* [DESCRIPTION OF THE TASK]: Scan the records below for the line with "Allegrini Fieramonte Amarone" and the line with "On Khopra - My, Fishing, Volgograd". Repeat those two lines and every line between them exactly, and nothing else.

* [MATERIALS PROVIDED]:

○ ○ ○

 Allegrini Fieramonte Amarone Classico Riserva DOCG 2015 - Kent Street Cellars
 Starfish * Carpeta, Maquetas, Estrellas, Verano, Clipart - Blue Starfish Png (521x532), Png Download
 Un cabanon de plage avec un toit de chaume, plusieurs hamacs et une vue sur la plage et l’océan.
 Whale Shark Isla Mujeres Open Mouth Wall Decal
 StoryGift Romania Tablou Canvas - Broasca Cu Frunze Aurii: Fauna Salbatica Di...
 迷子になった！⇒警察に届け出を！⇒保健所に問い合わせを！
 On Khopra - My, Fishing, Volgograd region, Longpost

○ ○ ○

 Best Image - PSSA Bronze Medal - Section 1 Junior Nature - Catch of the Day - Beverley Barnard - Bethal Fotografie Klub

○ ○ ○

* [ANSWER TO THIS TASK]:
 Allegrini Fieramonte Amarone Classico Riserva DOCG 2015 - Kent Street Cellars
 Starfish * Carpeta, Maquetas, Estrellas, Verano, Clipart - Blue Starfish Png (521x532), Png Download
 Un cabanon de plage avec un toit de chaume, plusieurs hamacs et une vue sur la plage et l’océan.
 Whale Shark Isla Mujeres Open Mouth Wall Decal
 StoryGift Romania Tablou Canvas - Broasca Cu Frunze Aurii: Fauna Salbatica Di...
 迷子になった！⇒警察に届け出を！⇒保健所に問い合わせを！
 On Khopra - My, Fishing, Volgograd region, Longpost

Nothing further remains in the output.